Hi, just wanted to let folks in the Fraser Valley know that there is a new salt water section opened at Petland in Langley. The new store and fish manager Mike is starting this up again with lots of fish and coral selection available, I checked it out last night and was surprised to see the stuff he has available already.
I would urge everyone into salt water to check them out.


----------



## dinherz (Aug 30, 2010)

im not into saltwater but when i went there lastweek the saltwater section looked really nice . nice fish and corals


----------



## STANKYfish (Apr 21, 2011)

Are the prices in the saltwater section as ridiculus as the freshwater?
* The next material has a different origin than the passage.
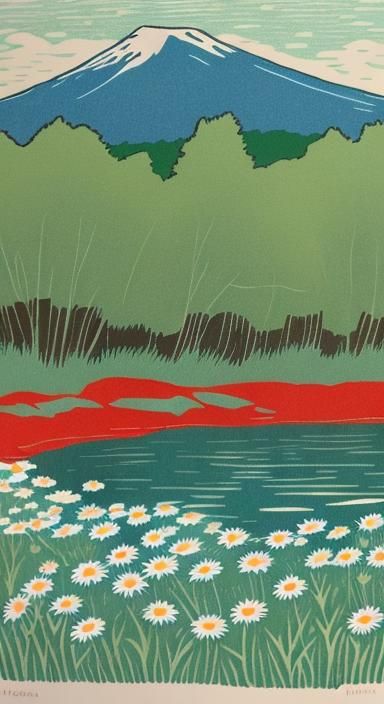 Vermont Swimming Hole: Woodcut Print in Posada Style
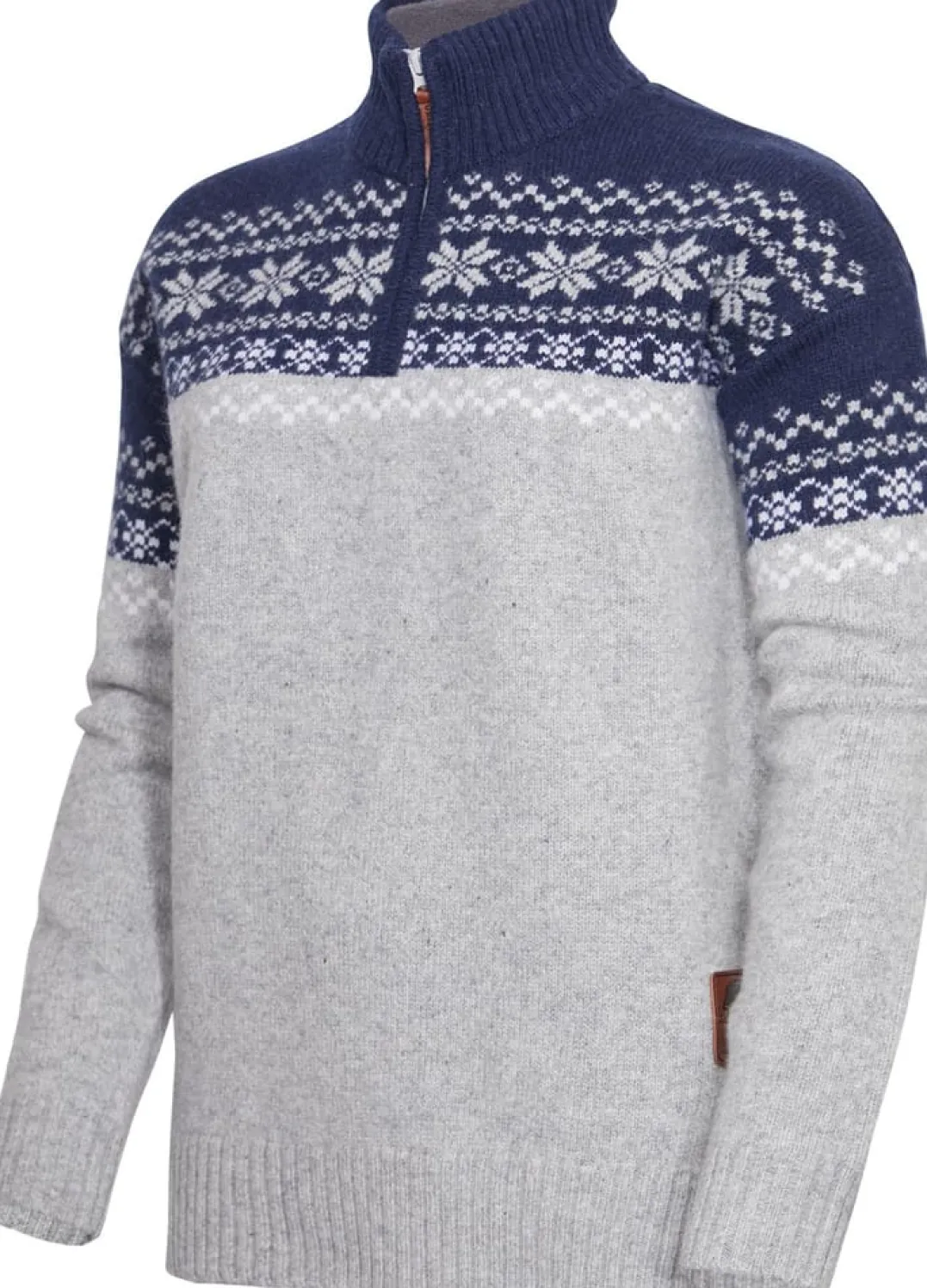 Gridarmor Women's Snøkrystall Half Zip Ullgenser Light Grey/Dark Navy/White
Hmmmm, and you say Mike (Hidden Reef) is working there. Just might have to make a point of visiting...


----------



## The Guy (Nov 26, 2010)

Not sure what Mike's last name is, but he's been around salt water & reefing for years, pricing example: [small chromis $3.99]


----------



## timv (Dec 17, 2010)

yes it is mike ... i have bought a bunch of stuff there this last week .... quality as usual


----------



## April (Apr 21, 2010)

I hear thy have a great supplier. Should be good...as I hear there's a lack of lfs in Langley!


----------



## dssv (Jan 1, 2012)

I have never been to store before. Had some time to kill so dropped in friday afternoon. great salt water section. fresh water was pricey. I met Mike seemed like a great guy.


----------



## Epok (Jun 20, 2011)

I love petland langley. I always go there and it's where I spend 80% of my time when I go to pet stores and since the addition of Mike it has only got better


----------



## Foxtail (Mar 14, 2012)

I was in a couple weeks ago and they were just setting up. I'll have to go in and check it out again. They are always very helpful and accomodating in there. 

Sent via the Shining.


----------



## scott tang (Jan 29, 2012)

they have preds or just salt comunitie ?


----------



## scott tang (Jan 29, 2012)

whats the address ????????????????


----------



## Foxtail (Mar 14, 2012)

19### fraser hwy langley 

Sent via the Shining.


----------



## Chrisphungg (Oct 8, 2012)

I was here today and they have a pretty nice selection of fish. Triggers, Lionfish, assorted angelfish, beautiful corals, and other tangs and such. They will have the salt water expanded with 8-10 more tanks within 1-2 weeks as well.


----------



## scott tang (Jan 29, 2012)

went yester day looked great not quite what i expected. But a nice store mike said the display tank will be turned to salt water soon looking forward to that being a sw person


----------



## JTang (Apr 21, 2010)

Sweet! Another SW store to shop!


----------



## Foxtail (Mar 14, 2012)

I was in there today and they have a lot more salt stuff... they got a big shipment in today... fresh and salt... everything g was still acclimating when I was there.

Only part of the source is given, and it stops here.